A big "Thanks!" to everyone who submitted comments and observations in response to last
week's WWJ Viewpoint, wherein I solicited feedback on "what an outsider needs to know
about Europe's mobile Internet."

If you've just joined us, my query was elicited by your humble correspondent's pending
move to Germany after nine years of Japan experience - and the sudden realisation that he
doesn't know a whole lot about the Euro mobile Internet. There were, however, lots more
responses than expected, so you'll have to wait until next week (Apr. 21 - WWJ's
second-last issue from me) before I can collate, organize, and republish all the comments.

But that got me to thinking - why not balance things out by asking loyal list members to
also furnish their feedback, commentary, and informed insight on the ***North American***
mobile market? (... also ill-understood by your soon-to-be-ex-WWJ writer - despite his
Canadian origins.)

Go ahead and feel free to mail me (at the address below) with your notes on which
US/Canadian companies, technologies, business models, and content services bear watching.
Can m-mode delivered via GSM/GPRS by AT&T Wireless sweep the US? Or does the backwards
compatibility and high speed of CDMA 1x technology have an overwhelming advantage - making
the CDMA carriers the ultimate market winners? And, will US subscribers ever take to Hello
Kitty downloads? (There's evidence to say argue they already have - see WWJ No. 92, link

Republishing your collected, collective wisdom on the European and North American mobile
Net markets in the final two WWJ newsletters strikes me as being the best way I can pay
back your loyal readership and spread around some of the local-market knowledge that WWJ
subscribers have amassed (and remember - there are over 4,000 or you now - most working
deep in mobile Internet space somewhere on planet Earth).

I will gather your responses and present them in the final WWJ newsletter on April 28-
European responses will come on April 21.

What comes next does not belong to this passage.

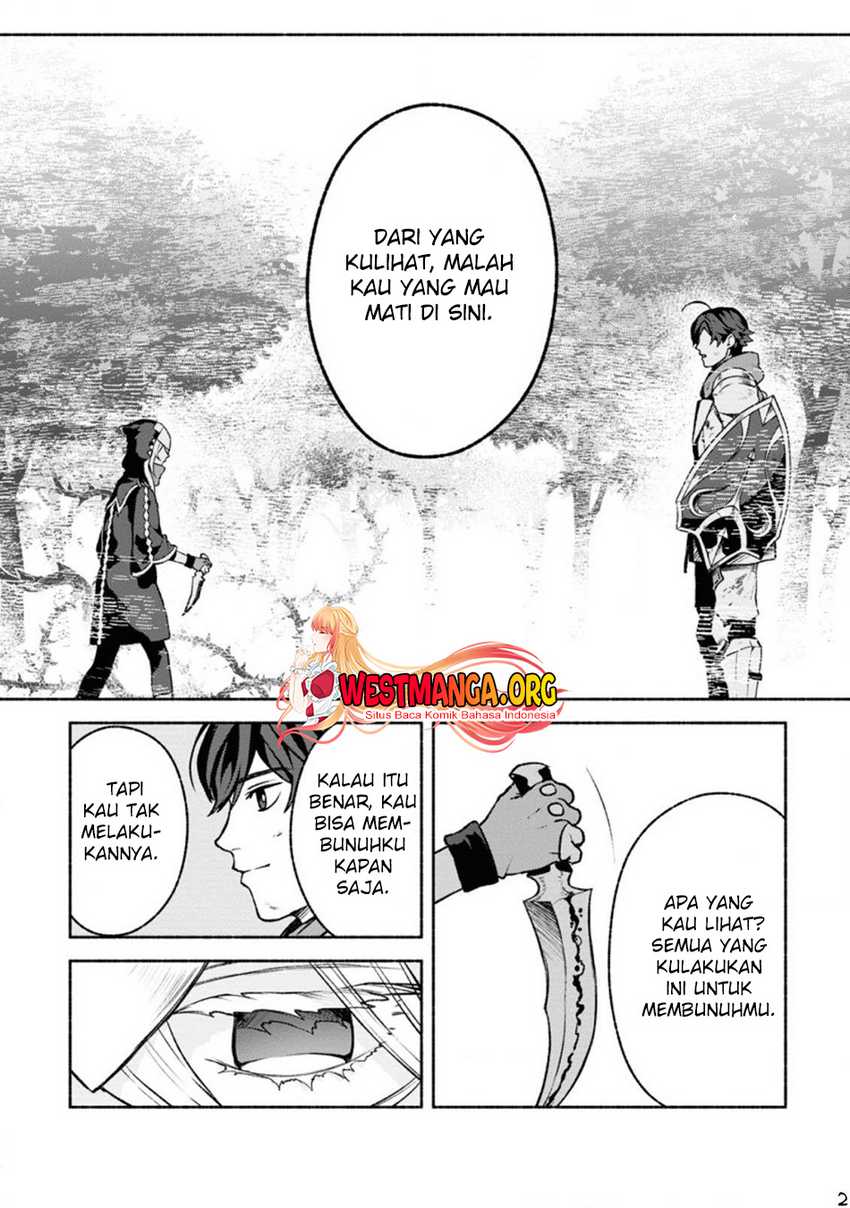 Sono Monban, Saikyou Nitsuki: Tsuihou Sareta Bougyo Ryoku 9999 no Senshi, Outo no Monban Toshite Musou Suru Chapter 20 Gambar 27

Last week, I wrote that: "My first impression [with the 505i-series] was that DoCoMo has
now entered a "post-packet-fee" era. By this I mean that the company is no longer merely
fixated on deploying features and services that boost individual packet usage and ARPU;
this has been the sine qua non of mobile carriers in this country since the dawn of
i-mode. DoCoMo has clearly decided to make the phones uber-sexy so as to grab market share
and stem the churn over to KDDI (and - to a lesser extent - J-Phone)."

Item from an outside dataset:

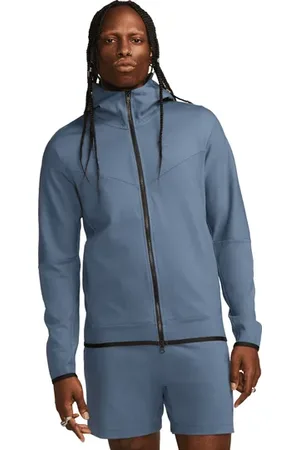Nike Tech Essentials Jas Blauw K491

This observation sprang largely from the fact that Big D has adopted removable memory in a
big way with the 505i phones - a substantially new development at DoCoMo.

The natural conclusion is that the carrier is satisfied with the packet usage and traffic
fees generated by most individual users and doesn't mind letting them swap photos and
other data off the handset without using the network. So long as DoCoMo wins new converts
due to the sheer technical attractiveness of the handsets (i.e. removable memory,
high-resolution cameras, etc.), they'll earn plenty future revenue from an increased
subscriber base - and stem the loss of market share that's been bleeding away to KDDI's
CDMA 1x system for almost half a year now.

Of course, as one of my keen students at the mobile marketing course that I co-teach at
Niigata's International University pointed out yesterday afternoon (I wrote this on the
Shinkansen "Bullet" train as I returned to Tokyo), DoCoMo **had to** offer removable
memory as a way to get the huge picture files created by the new, 1.3-megapixel camera off
the handset without incurring injurious packet fees. True enough.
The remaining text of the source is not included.